Anfang Juni wurde bekannt, dass nicht nur Sesam, sondern auch große Mengen des weit verbreiteten Zusatzstoffs E410 mit dem gesundheitsgefährdenden Desinfektionsmittel Ethylenoxid verunreinigt sind. Johannisbrotkernmehl/E410 wird insbesondere in Speiseeis, aber auch in Back- und Fleischwaren sowie Konfitüren, als Verdickungsmittel oder Stabilisator zugesetzt. Gemäß der Einigung der EU-Mitgliedsstaaten vom Juli müssen alle Lebensmittel zurückgerufen werden, die kontaminiertes E410 enthalten – auch wenn im verarbeiteten Endprodukt die Nachweisgrenze nicht überschritten wird. Denn es könne „keine sichere Aufnahmemenge“ festgelegt werden. Auch kleinste Mengen des krebserregenden Stoffs könnten für Verbraucher:innen ein Gesundheitsrisiko darstellen.
Da E410 vor allem in Speiseeis verwendet wird, hat foodwatch die Anzahl der Eis-Rückrufe verschiedener Länder seit Anfang Juni recherchiert und dazu die öffentlichen Rückruf-Portale mehrerer EU-Staaten ausgewertet. Aus Sicht von foodwatch zeigen die deutlichen Unterschiede bei der Anzahl der Rückrufe, dass die Durchsetzung europäischer Schutzvorschriften in Deutschland unzureichend ist. Die Verbraucherorganisation forderte die in Deutschland zuständigen Verbraucherministerien der Bundesländer auf, Rückrufe von mit Ethylenoxid belasteten Lebensmitteln konsequent durchzusetzen.
Erst kürzlich fand foodwatch heraus, dass der Speiseeishersteller Froneri mit Ethylenoxid belastetes E410 verarbeitet und die betroffenen Produkte in Deutschland weiter verkauft hatte. Trotz der Verunreinigung mit dem krebserregenden Stoff hat das Unternehmen auf einen Rückruf verzichtet. Froneri ist ein Joint Venture von Nestlé und R&R Icecream und produziert bekanntes Markeneis. Welche Marken genau betroffen sind, verschwieg das Unternehmen. In anderen Ländern hingegen warnte der Hersteller die Verbraucher:innen. So hat Froneri laut foodwatch-Recherchen etwa in Spanien, Frankreich, Polen oder Österreich Eiscreme-Produkte der Marken Smarties, Nuii oder Oreo öffentlich zurückgerufen.

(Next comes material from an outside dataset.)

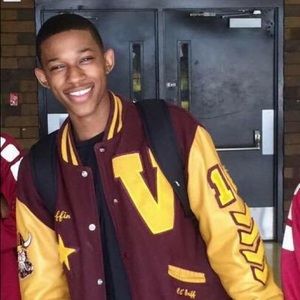 Meet your Posher, Isaiah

Das Gas Ethylenoxid und sein Abbauprodukt 2-Chlorethanol sind laut dem Bundesinstitut für Risikobewertung (BfR) krebserregend und erbgutschädigend. Rückstände in Lebensmitteln seien grundsätzlich „unerwünscht“. Einen Richtwert ohne Gesundheitsrisiko gebe es nicht. Während Ethylenoxid in der Lebensmittelproduktion der EU verboten ist, wird es jedoch in etlichen Drittstaaten zur Bekämpfung von Pilzen und Bakterien eingesetzt.